## DATA SUPPLIED

○ ○ ○ ○ ○ ○ ○

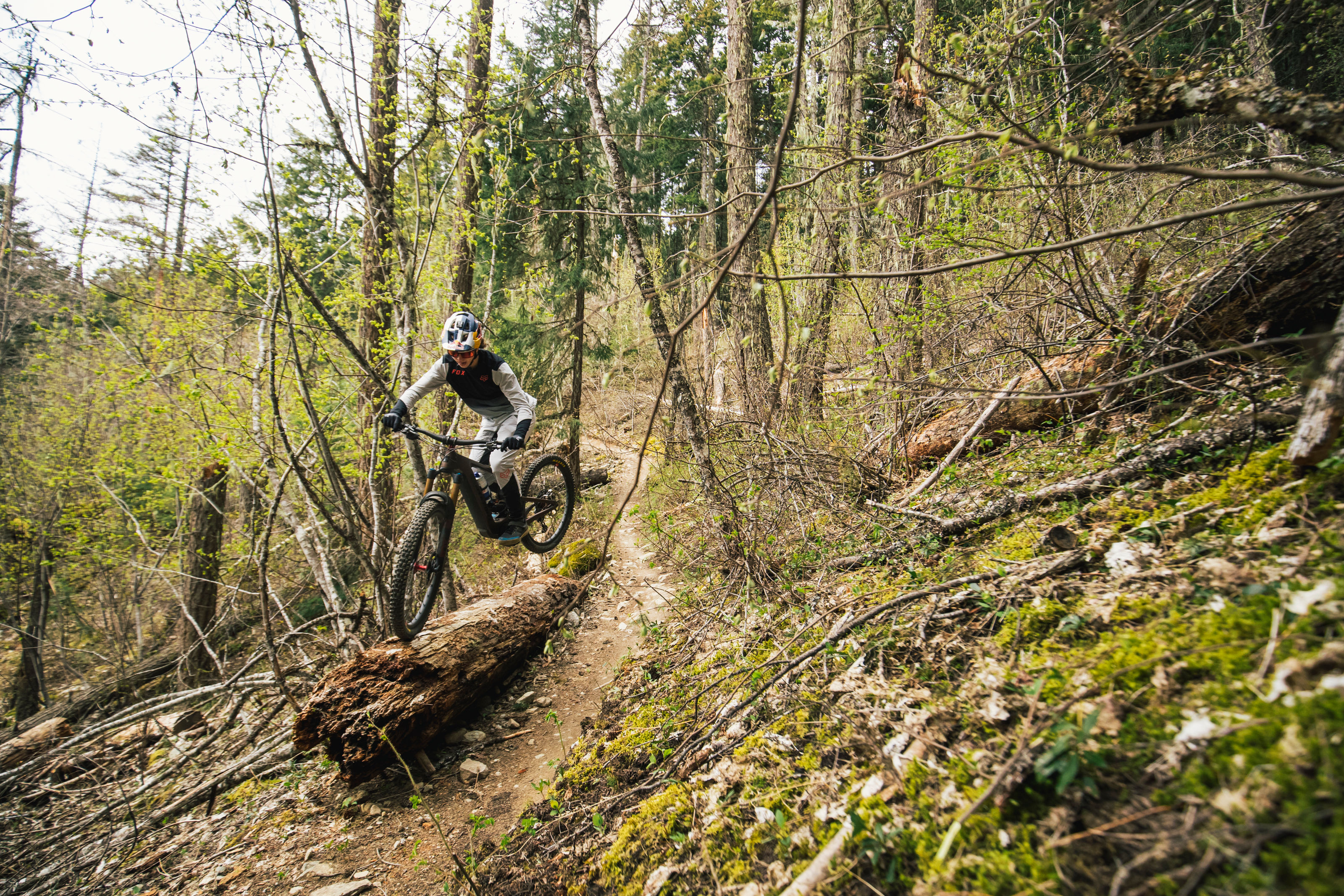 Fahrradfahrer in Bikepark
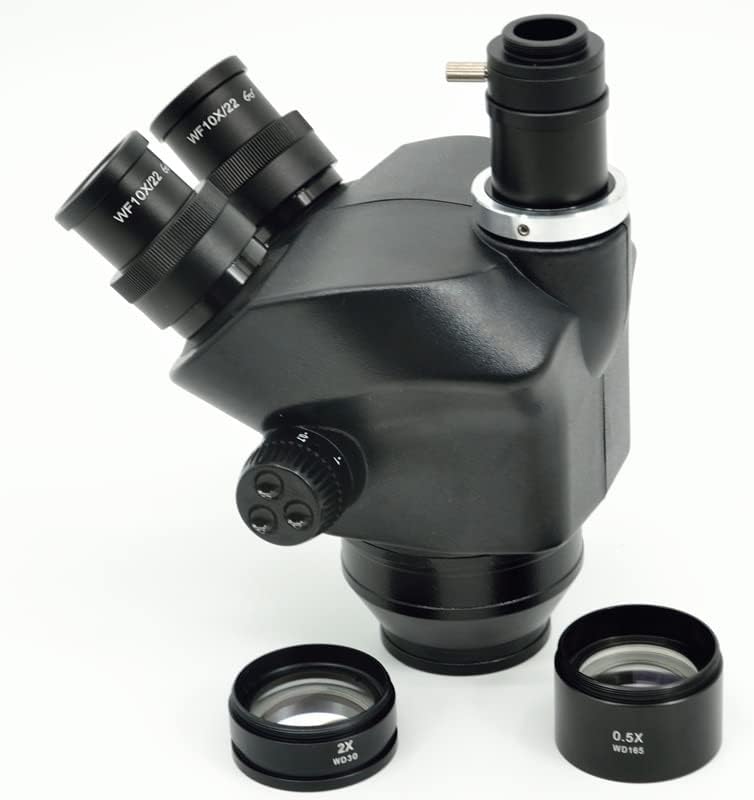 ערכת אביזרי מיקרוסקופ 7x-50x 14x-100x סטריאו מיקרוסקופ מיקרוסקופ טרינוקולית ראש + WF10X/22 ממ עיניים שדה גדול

○ ○ ○ ○ ○ ○ ○

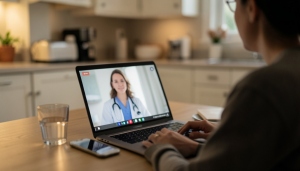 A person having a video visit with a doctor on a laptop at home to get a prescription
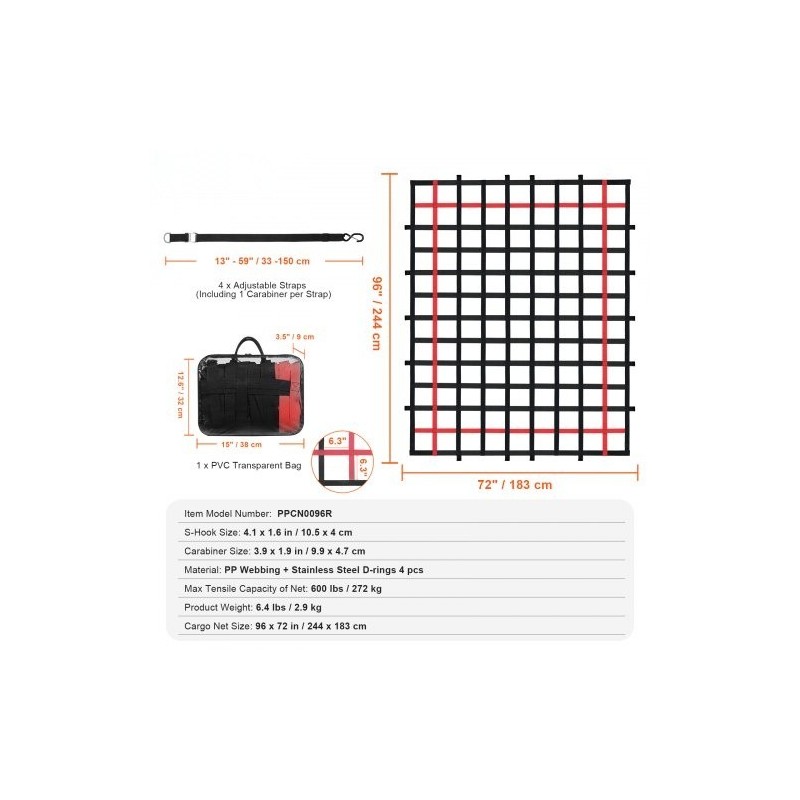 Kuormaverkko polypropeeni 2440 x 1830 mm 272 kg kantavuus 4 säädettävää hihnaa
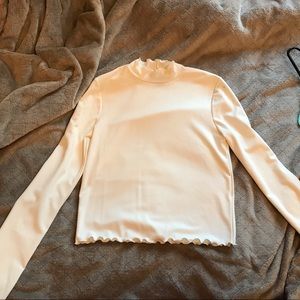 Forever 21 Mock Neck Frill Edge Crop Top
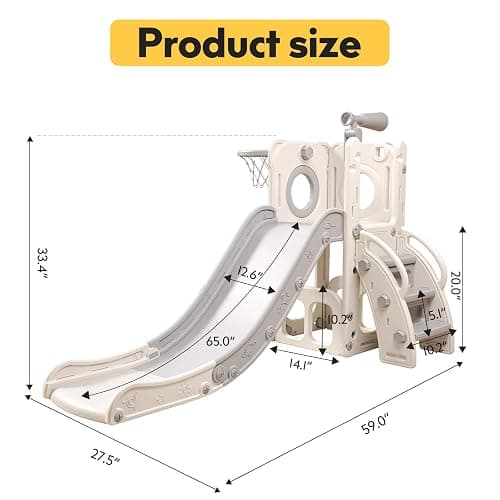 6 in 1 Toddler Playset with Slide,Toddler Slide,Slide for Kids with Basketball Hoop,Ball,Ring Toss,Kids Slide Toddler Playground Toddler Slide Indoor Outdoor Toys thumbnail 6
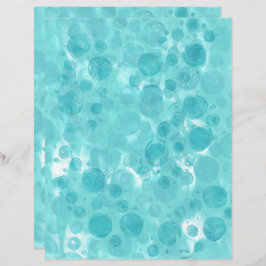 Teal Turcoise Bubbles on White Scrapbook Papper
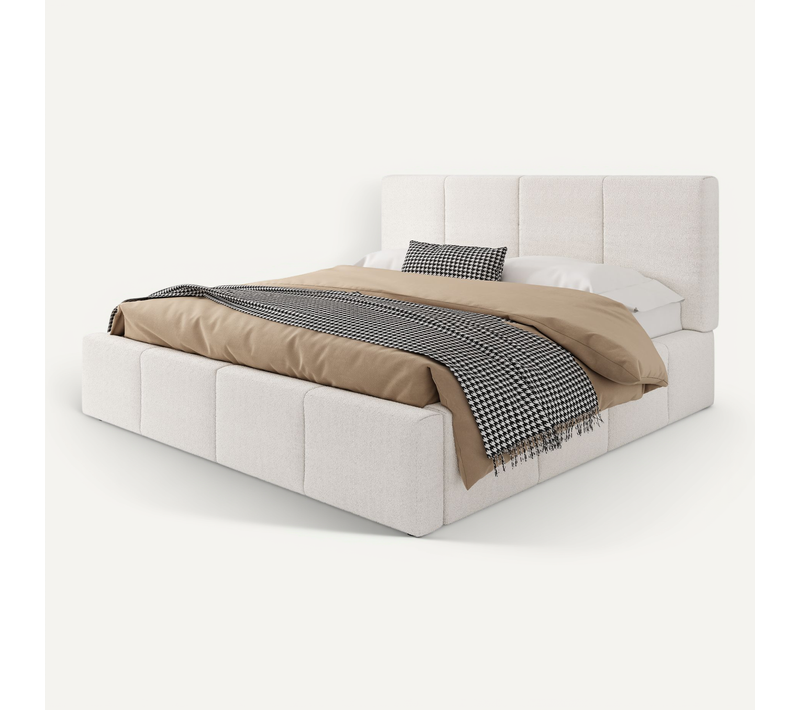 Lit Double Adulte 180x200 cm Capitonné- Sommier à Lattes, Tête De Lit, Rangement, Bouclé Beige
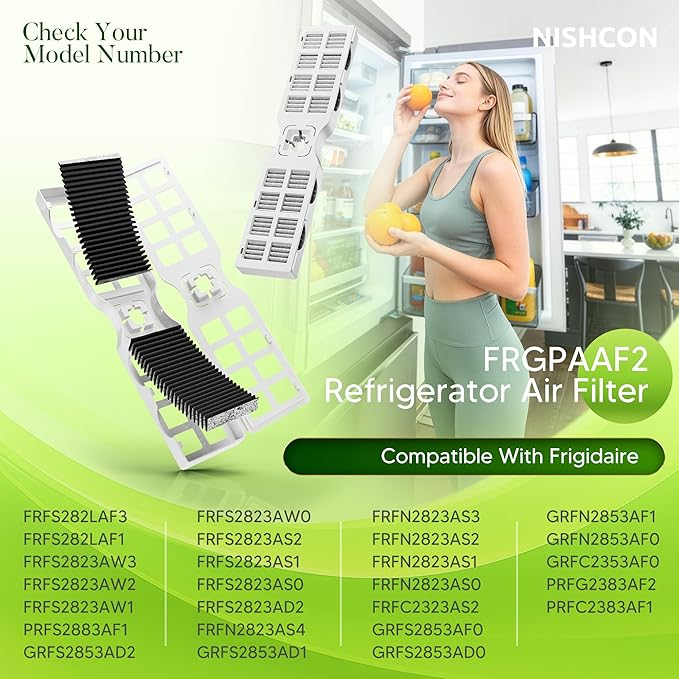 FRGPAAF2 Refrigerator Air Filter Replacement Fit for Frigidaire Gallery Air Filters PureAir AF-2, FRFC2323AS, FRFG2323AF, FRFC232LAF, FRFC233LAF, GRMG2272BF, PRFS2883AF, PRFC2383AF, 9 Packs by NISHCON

○ ○ ○ ○ ○ ○ ○

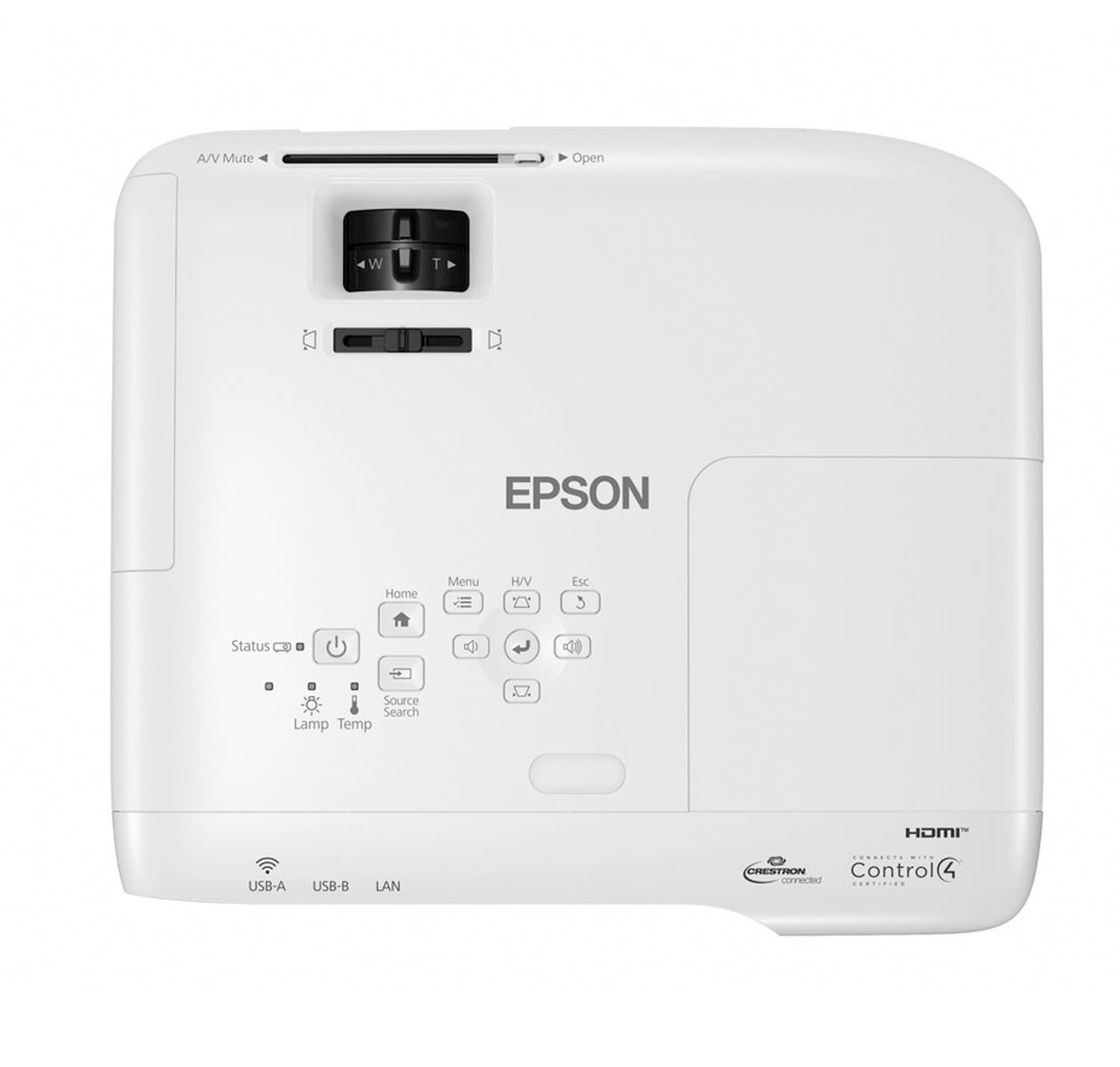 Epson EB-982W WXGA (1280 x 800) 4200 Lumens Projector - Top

○ ○ ○ ○ ○ ○ ○

## DIRECTIONS FOR THIS TASK
Go back to the listing above and reproduce, exactly, the stretch from the line bearing "Fahrradfahrer in Bikepark" through the line bearing "ערכת אביזרי מיקרוסקופ", without its pictures.

## OUTPUT
 Fahrradfahrer in Bikepark
 ערכת אביזרי מיקרוסקופ 7x-50x 14x-100x סטריאו מיקרוסקופ מיקרוסקופ טרינוקולית ראש + WF10X/22 ממ עיניים שדה גדול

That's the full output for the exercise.